Die “neue Übersichtlichkeit” in der deutschen Startup-Szene

die neue Uebersichtlichkeit

Foto von tochis auf flickr bereitgestellt über creative commons

 

„Die neue Unübersichtlichkeit“ nannte Habermas in den 90ern seine These, dass bewährte Denkmuster nicht mehr greifen und die Menschen mit ihren vorher funktionierenden Vorstellungen nun orientierungslos zurückbleiben.

In der deutschen Startup-Szene ist seit einiger Zeit genau die gegenteilige Tendenz zu beobachten: es entsteht eine neue Übersichtlichkeit. Damit ist nicht (nur) gemeint, dass die Anzahl der gegründeten Unternehmen weniger geworden ist, sondern vielmehr, dass die „Artenvielfalt“ abgenommen hat – sowohl auf die Kreativität der Business-Ideen als auch auf die Monetarisierungs-Ideen bezogen. Die ehemals recht quirlige Startup-Szene ist einer großen Monotonie gewichen.

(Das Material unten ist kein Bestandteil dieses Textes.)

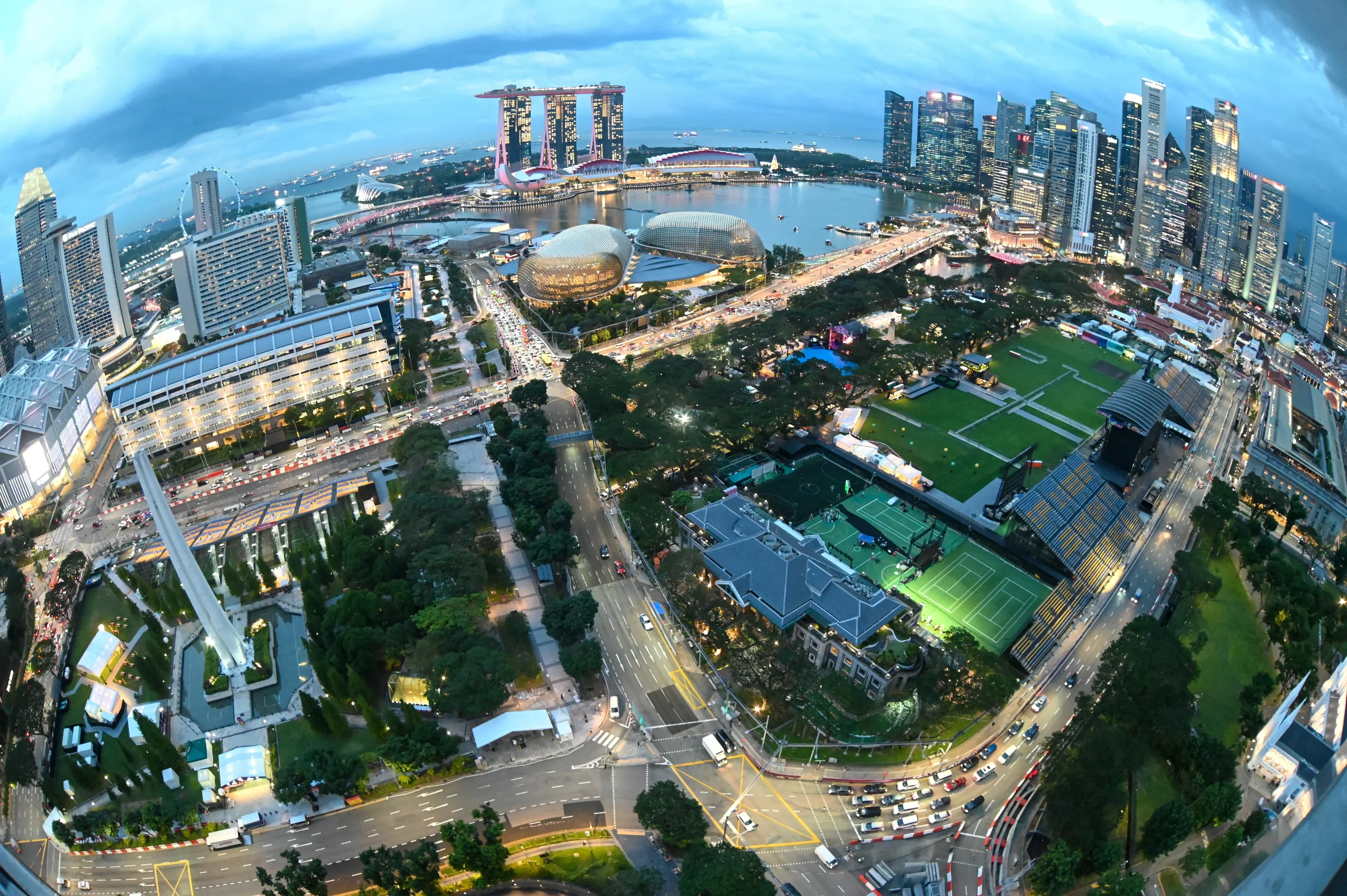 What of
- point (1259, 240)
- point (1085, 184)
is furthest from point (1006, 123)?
point (1259, 240)

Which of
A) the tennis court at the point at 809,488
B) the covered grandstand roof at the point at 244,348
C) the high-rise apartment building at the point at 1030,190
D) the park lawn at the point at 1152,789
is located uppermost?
the high-rise apartment building at the point at 1030,190

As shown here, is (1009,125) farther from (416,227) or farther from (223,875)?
(223,875)

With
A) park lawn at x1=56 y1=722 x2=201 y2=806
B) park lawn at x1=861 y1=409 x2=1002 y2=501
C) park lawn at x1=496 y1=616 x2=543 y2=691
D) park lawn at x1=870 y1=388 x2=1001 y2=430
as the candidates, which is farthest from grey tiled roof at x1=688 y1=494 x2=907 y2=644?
park lawn at x1=56 y1=722 x2=201 y2=806

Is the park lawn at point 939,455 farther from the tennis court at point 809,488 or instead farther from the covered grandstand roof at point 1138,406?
the covered grandstand roof at point 1138,406

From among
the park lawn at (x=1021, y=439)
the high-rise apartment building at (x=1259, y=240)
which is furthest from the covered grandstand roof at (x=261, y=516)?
the high-rise apartment building at (x=1259, y=240)

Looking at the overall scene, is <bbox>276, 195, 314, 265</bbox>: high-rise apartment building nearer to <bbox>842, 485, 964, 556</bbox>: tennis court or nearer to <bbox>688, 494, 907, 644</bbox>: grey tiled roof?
<bbox>688, 494, 907, 644</bbox>: grey tiled roof
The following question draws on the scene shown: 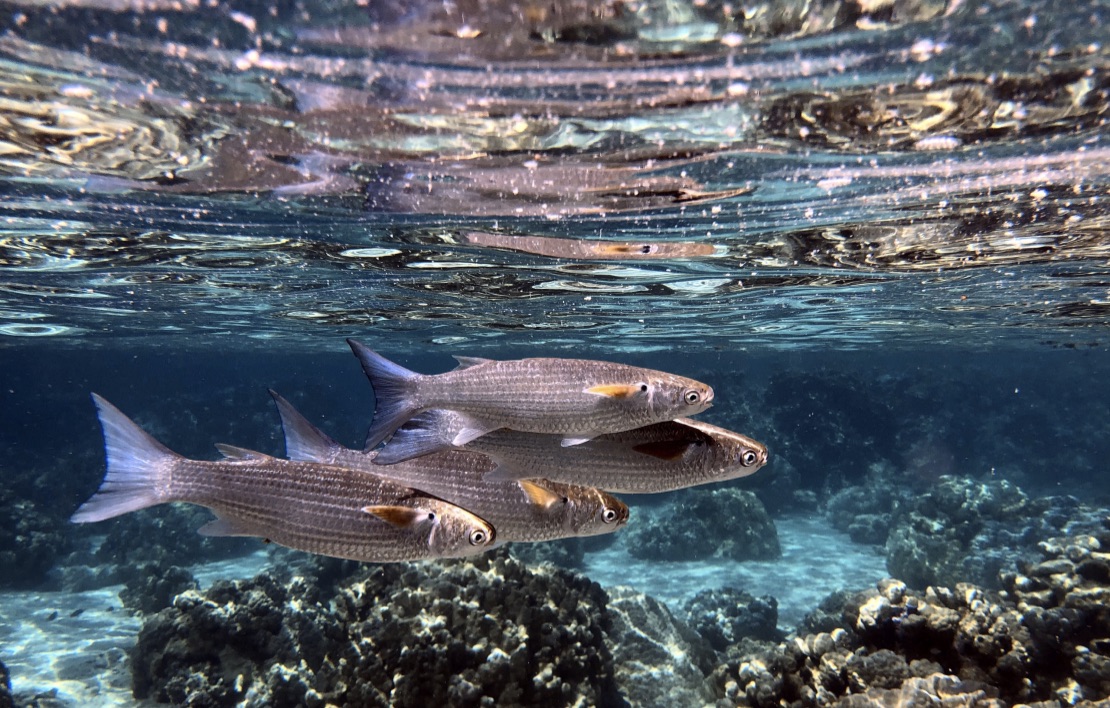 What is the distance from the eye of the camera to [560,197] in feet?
31.6

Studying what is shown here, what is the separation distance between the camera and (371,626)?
24.8 ft

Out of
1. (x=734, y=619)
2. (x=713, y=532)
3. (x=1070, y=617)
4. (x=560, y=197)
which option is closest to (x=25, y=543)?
(x=560, y=197)

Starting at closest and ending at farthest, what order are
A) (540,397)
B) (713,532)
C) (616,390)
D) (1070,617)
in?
(616,390)
(540,397)
(1070,617)
(713,532)

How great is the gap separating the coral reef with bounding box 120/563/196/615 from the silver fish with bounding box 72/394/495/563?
51.0 ft

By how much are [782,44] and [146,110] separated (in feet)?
22.7

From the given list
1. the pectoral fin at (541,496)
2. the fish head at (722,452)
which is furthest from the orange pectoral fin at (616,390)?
the pectoral fin at (541,496)

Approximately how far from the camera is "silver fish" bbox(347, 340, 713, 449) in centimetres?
301

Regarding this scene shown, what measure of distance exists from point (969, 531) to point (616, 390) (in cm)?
2166

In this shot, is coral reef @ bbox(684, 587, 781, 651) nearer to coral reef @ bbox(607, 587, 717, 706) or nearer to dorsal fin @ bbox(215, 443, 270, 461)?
coral reef @ bbox(607, 587, 717, 706)

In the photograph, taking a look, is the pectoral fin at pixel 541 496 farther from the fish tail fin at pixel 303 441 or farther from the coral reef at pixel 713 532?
the coral reef at pixel 713 532

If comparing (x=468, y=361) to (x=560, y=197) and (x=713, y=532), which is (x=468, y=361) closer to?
(x=560, y=197)

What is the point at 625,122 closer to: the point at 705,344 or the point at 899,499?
the point at 899,499

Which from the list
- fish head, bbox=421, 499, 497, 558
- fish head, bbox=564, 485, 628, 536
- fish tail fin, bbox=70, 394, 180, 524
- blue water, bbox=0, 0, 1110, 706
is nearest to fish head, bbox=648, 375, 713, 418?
fish head, bbox=564, 485, 628, 536

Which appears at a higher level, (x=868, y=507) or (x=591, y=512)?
(x=591, y=512) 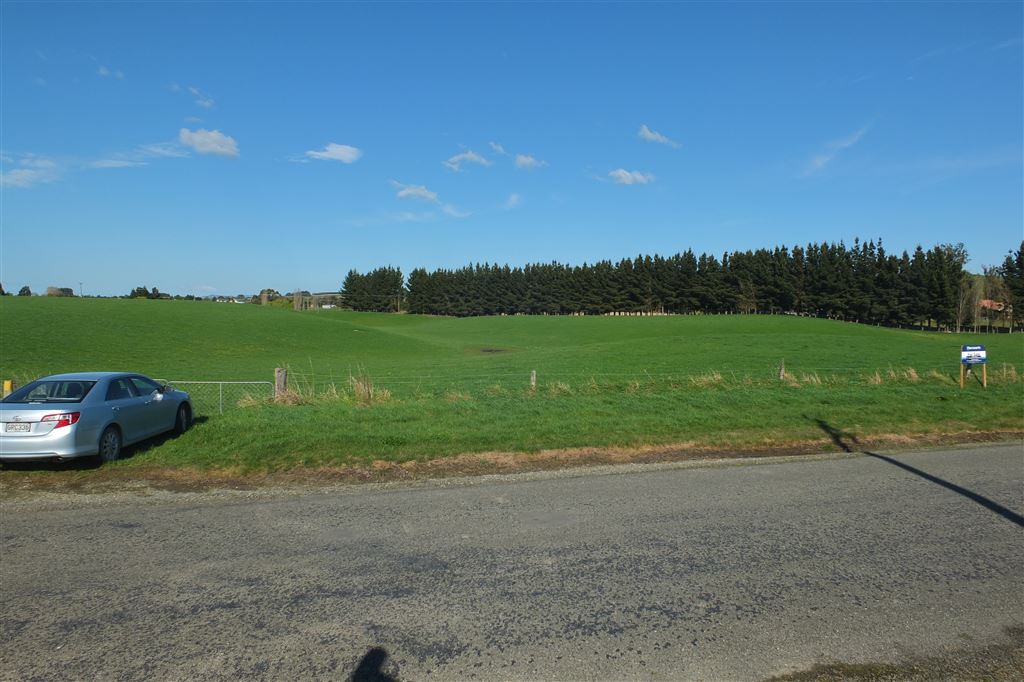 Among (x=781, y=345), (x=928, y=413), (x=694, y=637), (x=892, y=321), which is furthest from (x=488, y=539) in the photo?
(x=892, y=321)

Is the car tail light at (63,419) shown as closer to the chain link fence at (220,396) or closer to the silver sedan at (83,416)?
the silver sedan at (83,416)

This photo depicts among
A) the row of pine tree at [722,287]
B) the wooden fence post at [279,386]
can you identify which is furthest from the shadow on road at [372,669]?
the row of pine tree at [722,287]

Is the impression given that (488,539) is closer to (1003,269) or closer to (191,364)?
(191,364)

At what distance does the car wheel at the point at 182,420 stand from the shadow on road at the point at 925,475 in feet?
40.3

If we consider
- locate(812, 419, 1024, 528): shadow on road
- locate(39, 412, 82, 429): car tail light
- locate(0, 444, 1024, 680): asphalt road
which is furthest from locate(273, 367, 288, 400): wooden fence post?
locate(812, 419, 1024, 528): shadow on road

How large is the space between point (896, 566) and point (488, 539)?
361 cm

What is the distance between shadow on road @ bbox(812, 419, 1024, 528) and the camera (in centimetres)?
730

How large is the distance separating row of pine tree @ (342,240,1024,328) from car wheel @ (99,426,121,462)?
10375 centimetres

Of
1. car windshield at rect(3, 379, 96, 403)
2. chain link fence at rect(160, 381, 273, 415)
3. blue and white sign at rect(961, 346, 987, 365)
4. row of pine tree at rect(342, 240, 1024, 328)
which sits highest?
row of pine tree at rect(342, 240, 1024, 328)

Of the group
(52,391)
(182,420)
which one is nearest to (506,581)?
(52,391)

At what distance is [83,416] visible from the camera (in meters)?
9.62

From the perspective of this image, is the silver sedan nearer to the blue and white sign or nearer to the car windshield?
the car windshield

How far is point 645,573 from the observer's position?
18.0ft

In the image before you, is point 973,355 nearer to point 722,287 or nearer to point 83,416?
point 83,416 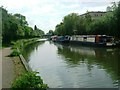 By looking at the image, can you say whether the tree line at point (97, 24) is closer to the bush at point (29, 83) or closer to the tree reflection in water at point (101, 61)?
the tree reflection in water at point (101, 61)

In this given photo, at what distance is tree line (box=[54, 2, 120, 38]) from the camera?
53.5 metres

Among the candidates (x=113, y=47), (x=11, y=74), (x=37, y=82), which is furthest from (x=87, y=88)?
(x=113, y=47)

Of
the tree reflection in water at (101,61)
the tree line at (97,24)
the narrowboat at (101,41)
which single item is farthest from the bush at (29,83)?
the narrowboat at (101,41)

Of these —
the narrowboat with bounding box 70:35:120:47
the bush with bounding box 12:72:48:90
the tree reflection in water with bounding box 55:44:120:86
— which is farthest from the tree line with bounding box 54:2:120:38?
the bush with bounding box 12:72:48:90

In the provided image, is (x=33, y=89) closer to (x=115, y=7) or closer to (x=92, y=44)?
(x=115, y=7)

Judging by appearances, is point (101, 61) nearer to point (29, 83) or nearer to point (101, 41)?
point (29, 83)

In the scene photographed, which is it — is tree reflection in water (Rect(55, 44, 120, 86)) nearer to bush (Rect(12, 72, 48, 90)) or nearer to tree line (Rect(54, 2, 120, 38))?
bush (Rect(12, 72, 48, 90))

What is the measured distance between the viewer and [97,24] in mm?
66812

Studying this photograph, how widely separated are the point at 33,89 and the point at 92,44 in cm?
5297

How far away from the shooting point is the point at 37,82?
10.1m

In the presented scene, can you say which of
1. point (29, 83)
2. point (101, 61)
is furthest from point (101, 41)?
point (29, 83)

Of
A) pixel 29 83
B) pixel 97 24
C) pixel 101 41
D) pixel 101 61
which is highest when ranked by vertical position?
pixel 97 24

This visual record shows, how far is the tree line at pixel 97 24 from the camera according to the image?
5347 centimetres

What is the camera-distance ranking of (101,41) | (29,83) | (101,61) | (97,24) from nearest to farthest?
(29,83)
(101,61)
(101,41)
(97,24) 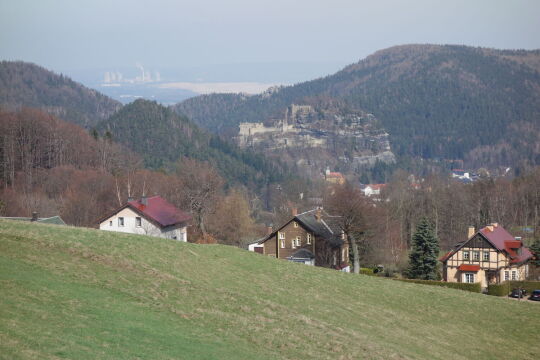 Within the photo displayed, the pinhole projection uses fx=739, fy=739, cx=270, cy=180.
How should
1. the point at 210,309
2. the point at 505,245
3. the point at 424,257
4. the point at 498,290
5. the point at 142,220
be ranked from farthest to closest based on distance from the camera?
the point at 505,245 < the point at 424,257 < the point at 142,220 < the point at 498,290 < the point at 210,309

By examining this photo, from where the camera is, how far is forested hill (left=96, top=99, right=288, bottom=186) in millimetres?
168875

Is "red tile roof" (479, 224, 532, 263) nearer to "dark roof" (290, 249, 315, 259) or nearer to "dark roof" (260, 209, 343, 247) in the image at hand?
"dark roof" (260, 209, 343, 247)

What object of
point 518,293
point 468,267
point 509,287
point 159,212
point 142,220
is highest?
point 159,212

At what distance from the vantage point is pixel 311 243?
56.6m

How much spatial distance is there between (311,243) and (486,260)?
13.1 metres

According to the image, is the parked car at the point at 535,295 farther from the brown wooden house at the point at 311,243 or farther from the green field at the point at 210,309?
the brown wooden house at the point at 311,243

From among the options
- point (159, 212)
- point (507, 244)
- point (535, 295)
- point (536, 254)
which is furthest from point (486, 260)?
point (159, 212)

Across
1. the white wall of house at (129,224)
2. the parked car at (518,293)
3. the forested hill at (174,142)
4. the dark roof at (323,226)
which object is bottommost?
the parked car at (518,293)

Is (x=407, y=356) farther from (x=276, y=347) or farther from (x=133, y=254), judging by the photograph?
(x=133, y=254)

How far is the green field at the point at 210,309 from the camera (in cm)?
1812

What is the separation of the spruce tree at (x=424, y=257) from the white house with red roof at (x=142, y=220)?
17.2 metres

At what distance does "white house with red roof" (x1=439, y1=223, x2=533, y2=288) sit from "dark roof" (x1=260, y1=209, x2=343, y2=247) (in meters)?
8.43

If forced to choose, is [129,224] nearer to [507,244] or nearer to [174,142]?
[507,244]

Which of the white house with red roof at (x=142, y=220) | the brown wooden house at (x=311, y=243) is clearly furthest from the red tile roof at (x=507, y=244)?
the white house with red roof at (x=142, y=220) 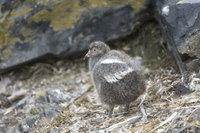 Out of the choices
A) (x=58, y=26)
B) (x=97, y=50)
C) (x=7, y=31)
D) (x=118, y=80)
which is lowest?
(x=118, y=80)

Hier die Bestandsaufnahme:

Spätestens seit Beginn „der Krise“ (oder schreiben wir lieber das schönere Wort credit crunch) konstituiert sich die neue Übersichtlichkeit dadurch, dass es eigentlich nur noch zwei Arten von Startups gibt: 1. soziale Netzwerke und 2. Copycats. Natürlich ist diese Darstellung übertrieben, aber man wird das Gefühl nicht los, dass die tiefgreifenden Innovationen momentan nicht stattfinden. Das kommt nicht von ungefähr …

Hier die Gründe:

… sondern hat seine Gründe in der hierarchischen Nahrungskette des Risikokapital-basierten Startup-Systems.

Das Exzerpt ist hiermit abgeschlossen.